Arriva in Cile nel 1935, sposa la sua Lady Macbeth, Lucia Hiriat, nel 1973 e organizza il colpo di stato contro quella che per lui è l’infestazione bolscevica del governo Allende. Anni dopo, ormai caduto in disgrazia a livello internazionale, finge la propria morte, per poter tornare poi a infestare liberamente il suo paese, protetto dalle tenebre amiche.
Nelle notti infatti svolazza in divisa da parata e fa stragi di cuori, nel senso che li estirpa dai petti dei poveri cileni, se li frulla e se li beve, per restare per sempre gagliardo, anche sessualmente. È costretto però a vivere in una desolata fattoria all’interno di un vecchio campo militare dismesso, in una desolata landa della Patagonia.
Là gloria e decadenza sono rappresentati da mille cimeli del suo “onorevole” passato (solo la collezione dei suoi dvd vale un fermo immagine) ma anche da alcuni “pappagalli”, intesi non come uccelli bensì come attrezzi ospedalieri.
Alfredo Castro, il degno maggiordomo del vampiro.
Ad accudirlo, novello Renfield (ben diverso dal film omonimo con Nicolas Cage), c’è il maggiordomo (affidato ad Alfredo Castro, attore-feticcio di Larrain), assassino spietato durante il regime, elevato al rango di vampiro servo, e la moglie che vorrebbe essere anche lei “vampirizzata” per vivere vita eterna e spendere tutti i soldi accumulati disonestamente.
Perché Pinochet è feroce assassino quanto miserabile ladro e imbroglione. Ma a disturbarlo arrivano i suoi cinque figli “normali”, tre femmine e due maschi, inetti parassiti sanguinari, a loro volta veri succhiasangue del padre, a raffigurare la vera banalità del Male.
Una di loro, stufa di aspettare l’eredità, ha ingaggiato una suorina-esorcista, per accelerare la dipartita del mostruoso genitore. Come andranno le cose, come si evolveranno i rapporti di una simile banda di delinquenti?
La banalità del Bene.
Spesso, anche nella vulgata popolare, si è detto che i politici succhiano il sangue dei loro sudditi e questo è ancora più vero quando al potere c’è un’unica figura dittatoriale.

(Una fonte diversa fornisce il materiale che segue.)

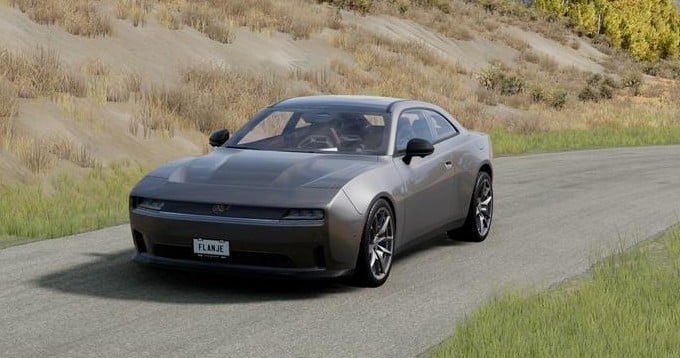 Dodge Charger EV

Facile quindi passare dalla metafora alla pratica e Larrain lo fa con uno humor nero indiscutibile, soprattutto nel ritratto dei famigliari del Conte, il cui cinismo da borghesucci arricchiti rifulge durante le esilaranti interviste cui li sottopone la giovane suora, che è entrata nella famiglia con l’incarico di portare ordine nei conti dell’ormai smemorato vegliardo.
In El Conde ci sono molti sviluppi descritti con ironia e sarcasmo, dei quali non possiamo dire per non fare spoiler e la svolta più spassosa riguarda la proprietaria della voice over che accompagna la narrazione. Ciò nonostante sembra chiaro che ben altro spessore avevano le denunce dei suoi primi film e questa volta si sia voluto tenere un tono più leggero, di derisione e sberleffo, pur nella dichiarata mostruosità della situazione.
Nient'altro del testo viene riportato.